Look below for the line that has "Hi, my name"; output exactly from it through the line that has "And I'm just", and leave the pictures out.
++++ DATA FOR THIS TASK
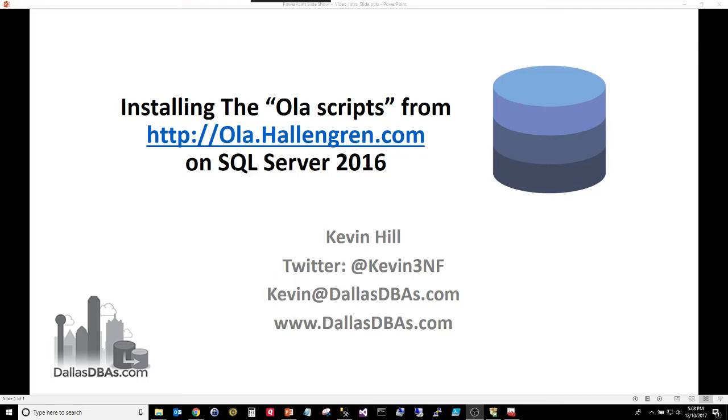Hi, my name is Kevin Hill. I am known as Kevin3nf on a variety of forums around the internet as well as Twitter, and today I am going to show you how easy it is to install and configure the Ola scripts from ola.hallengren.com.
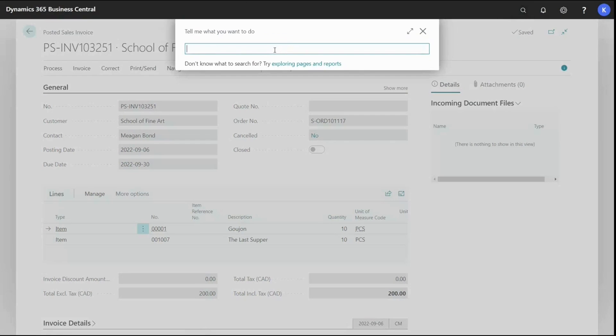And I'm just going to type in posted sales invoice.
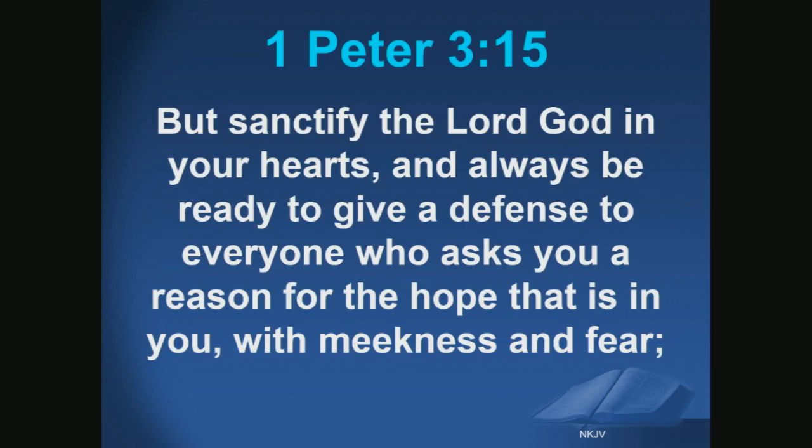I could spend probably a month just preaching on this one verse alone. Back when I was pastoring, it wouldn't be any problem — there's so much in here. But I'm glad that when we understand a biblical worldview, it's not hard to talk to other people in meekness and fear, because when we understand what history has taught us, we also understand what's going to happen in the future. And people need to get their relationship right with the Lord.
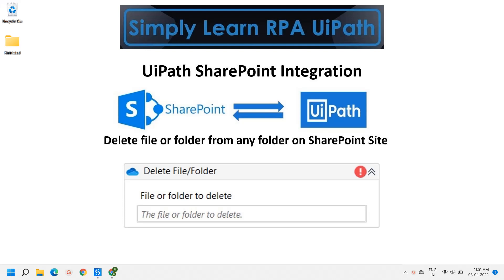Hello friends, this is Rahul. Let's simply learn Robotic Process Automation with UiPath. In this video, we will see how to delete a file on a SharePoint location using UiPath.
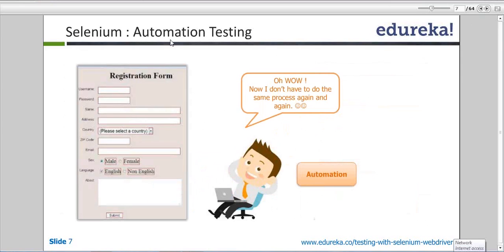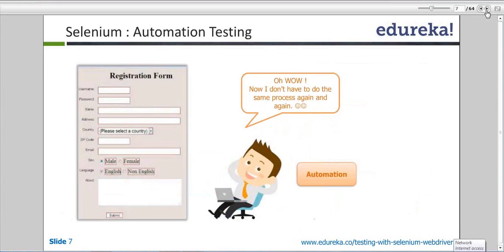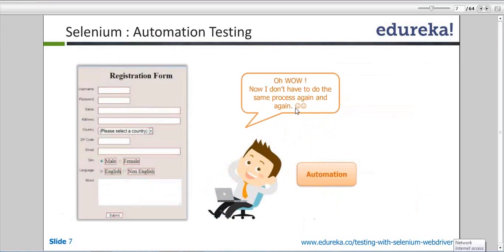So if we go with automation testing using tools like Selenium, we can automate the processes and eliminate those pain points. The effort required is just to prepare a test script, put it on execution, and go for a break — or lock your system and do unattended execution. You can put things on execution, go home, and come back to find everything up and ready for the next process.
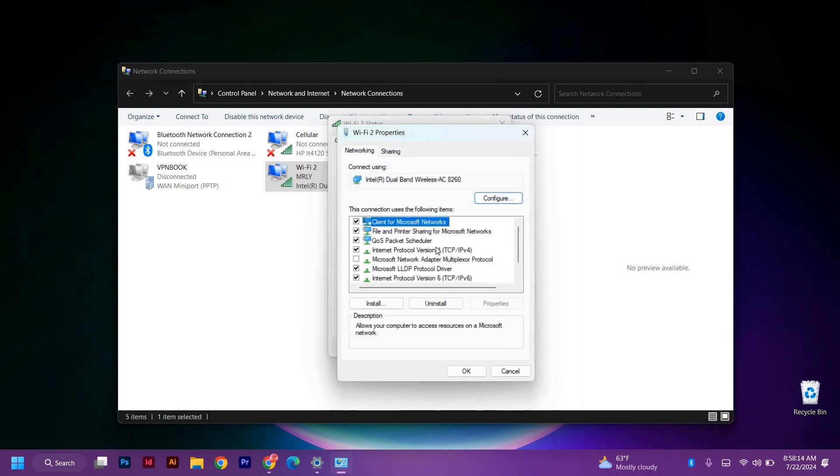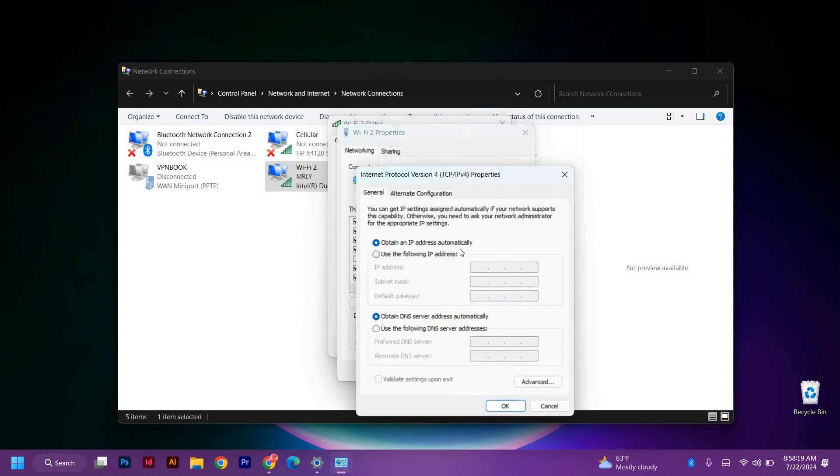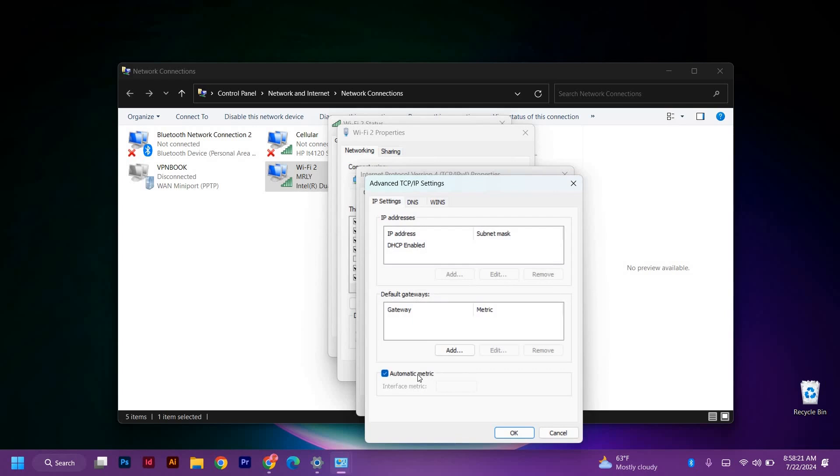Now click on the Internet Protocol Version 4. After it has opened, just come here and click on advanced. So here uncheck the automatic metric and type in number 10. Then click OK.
++++++++
++++ DATA FOR THIS TASK
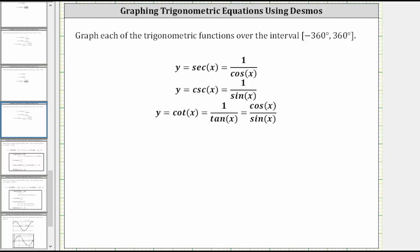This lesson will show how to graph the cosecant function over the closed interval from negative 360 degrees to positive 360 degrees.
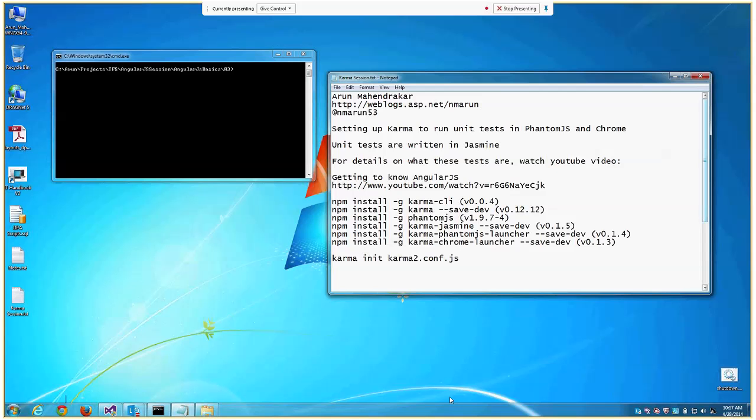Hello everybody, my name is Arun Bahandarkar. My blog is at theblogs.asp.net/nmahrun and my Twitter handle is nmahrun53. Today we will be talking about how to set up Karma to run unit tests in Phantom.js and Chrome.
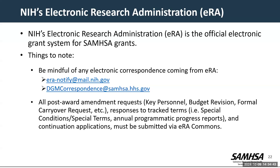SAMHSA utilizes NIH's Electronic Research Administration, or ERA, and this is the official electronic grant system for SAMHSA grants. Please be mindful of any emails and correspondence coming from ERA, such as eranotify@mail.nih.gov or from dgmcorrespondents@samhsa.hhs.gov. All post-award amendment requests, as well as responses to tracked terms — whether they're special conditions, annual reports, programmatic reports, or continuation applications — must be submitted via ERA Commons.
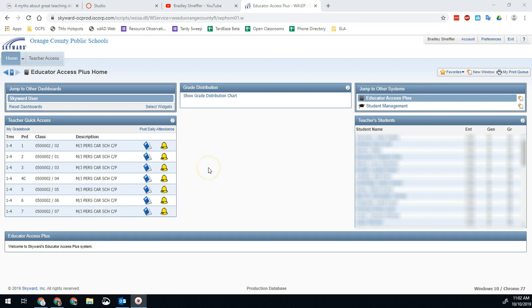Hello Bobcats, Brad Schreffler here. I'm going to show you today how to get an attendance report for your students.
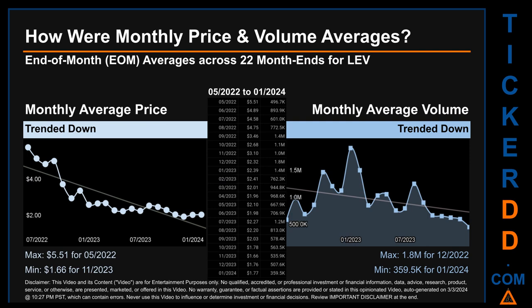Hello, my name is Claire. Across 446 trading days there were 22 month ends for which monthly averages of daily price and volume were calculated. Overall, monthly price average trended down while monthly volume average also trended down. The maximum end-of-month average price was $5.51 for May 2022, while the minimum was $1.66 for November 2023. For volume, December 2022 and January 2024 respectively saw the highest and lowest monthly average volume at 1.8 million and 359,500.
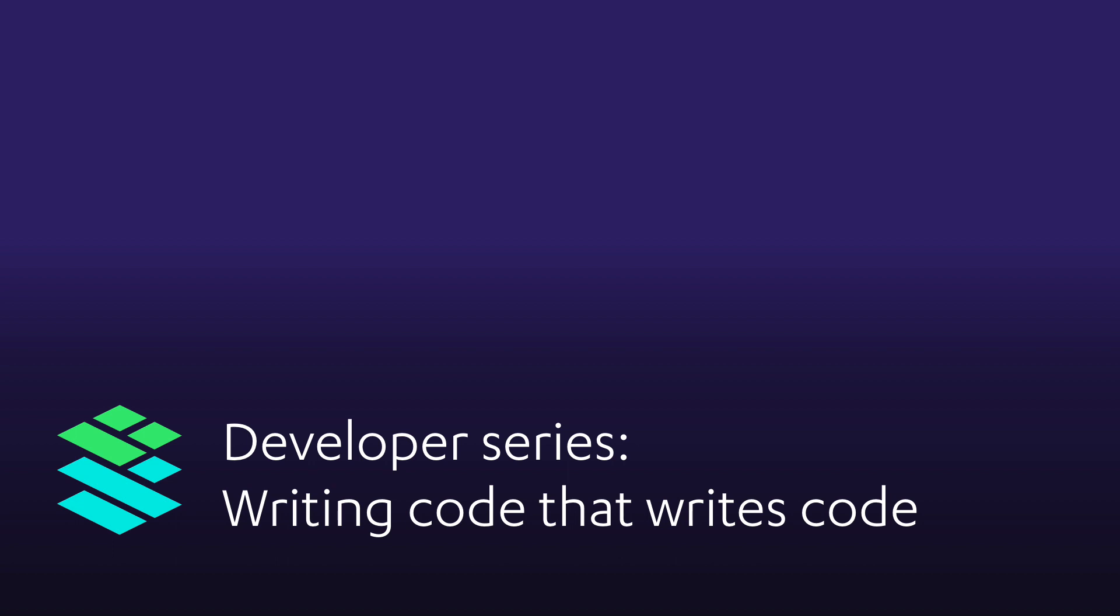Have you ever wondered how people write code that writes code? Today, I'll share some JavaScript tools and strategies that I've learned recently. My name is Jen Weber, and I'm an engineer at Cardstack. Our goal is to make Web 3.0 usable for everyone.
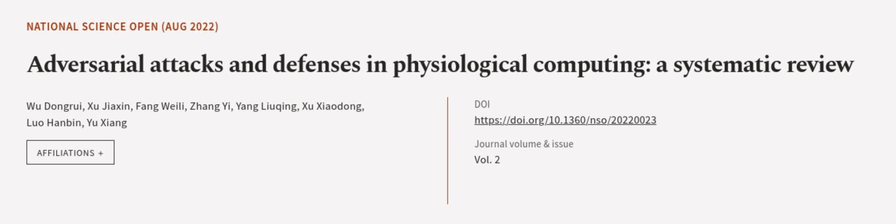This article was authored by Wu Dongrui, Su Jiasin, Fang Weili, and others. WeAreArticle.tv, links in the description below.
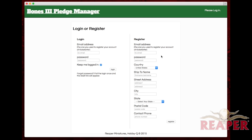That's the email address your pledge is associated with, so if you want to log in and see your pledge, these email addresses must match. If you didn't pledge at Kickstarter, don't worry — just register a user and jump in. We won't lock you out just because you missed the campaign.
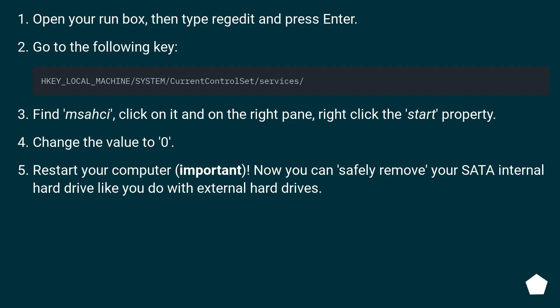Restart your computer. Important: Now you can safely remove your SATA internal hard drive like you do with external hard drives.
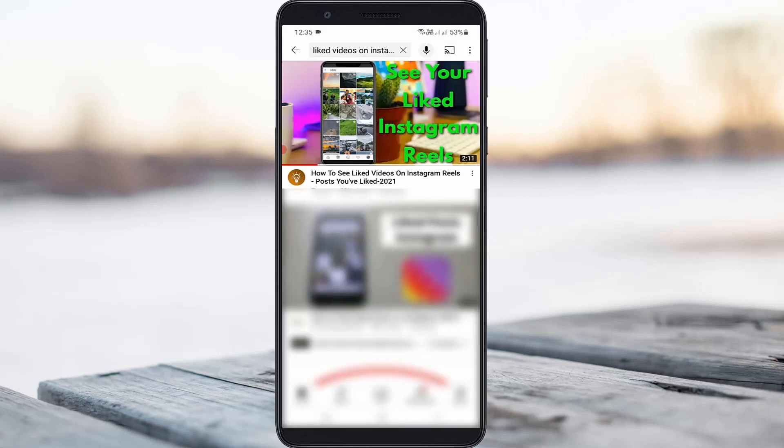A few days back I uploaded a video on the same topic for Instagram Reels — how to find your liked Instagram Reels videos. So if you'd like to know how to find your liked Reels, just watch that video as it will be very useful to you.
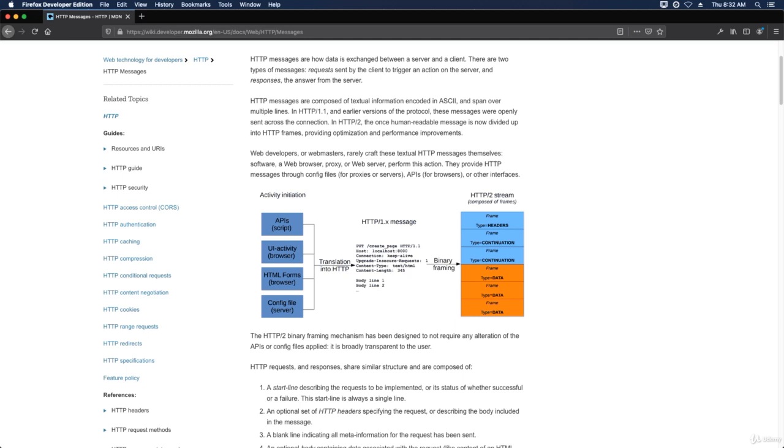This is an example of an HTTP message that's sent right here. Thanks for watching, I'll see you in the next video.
++++++++
++++ DATA FOR THIS TASK
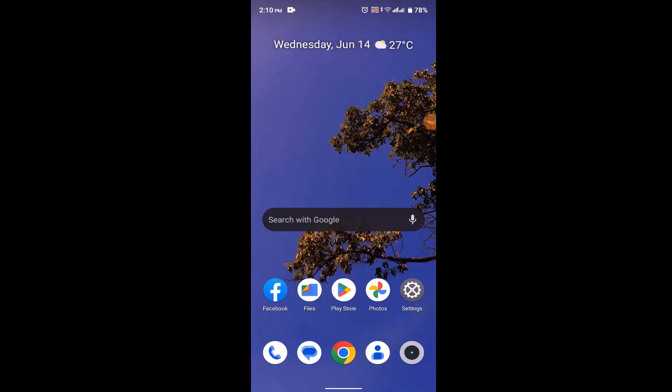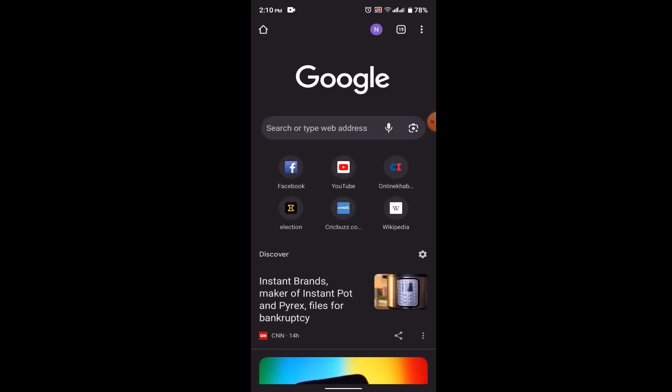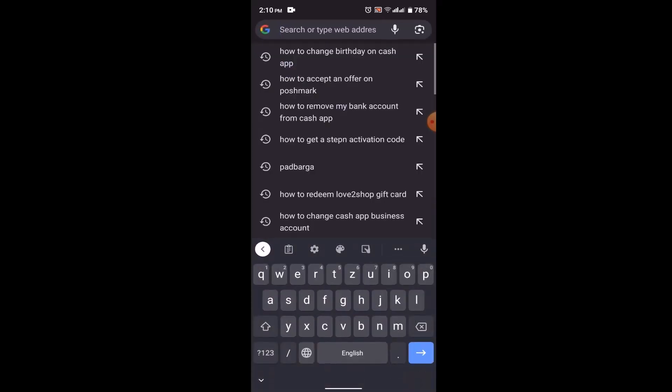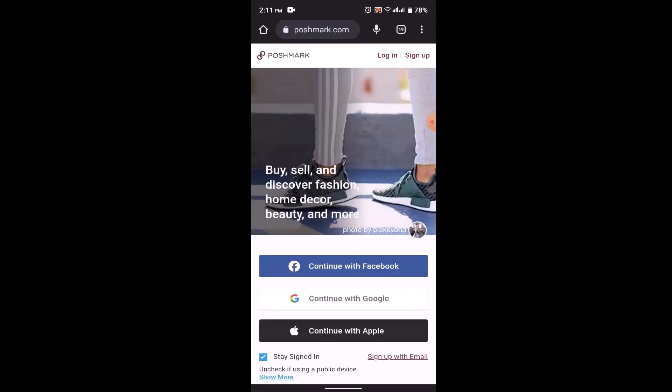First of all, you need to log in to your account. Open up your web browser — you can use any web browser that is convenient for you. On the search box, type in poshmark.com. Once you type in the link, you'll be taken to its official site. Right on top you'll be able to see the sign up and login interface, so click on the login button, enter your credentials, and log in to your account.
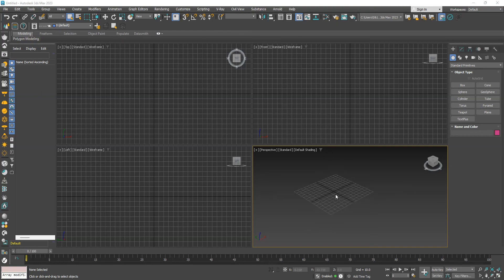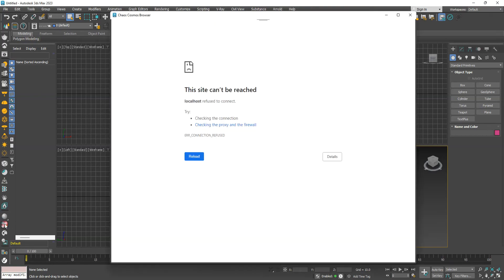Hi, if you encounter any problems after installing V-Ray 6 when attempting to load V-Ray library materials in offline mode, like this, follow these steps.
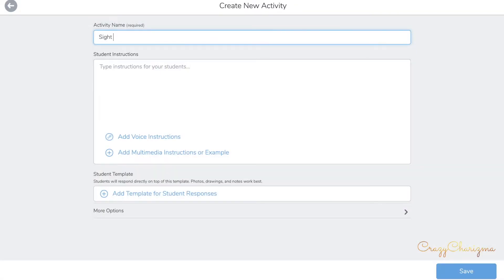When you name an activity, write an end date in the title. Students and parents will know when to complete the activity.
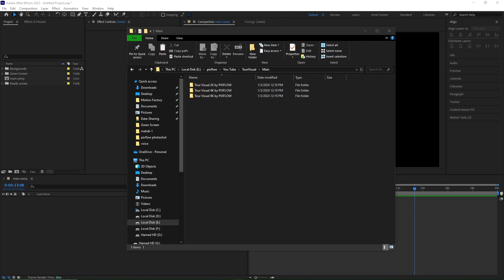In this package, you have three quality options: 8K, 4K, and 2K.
++++++++
### ANSWER BOX
Hi, my name is Kevin Hill. I am known as Kevin3nf on a variety of forums around the internet as well as Twitter, and today I am going to show you how easy it is to install and configure the Ola scripts from ola.hallengren.com.
And I'm just going to type in posted sales invoice.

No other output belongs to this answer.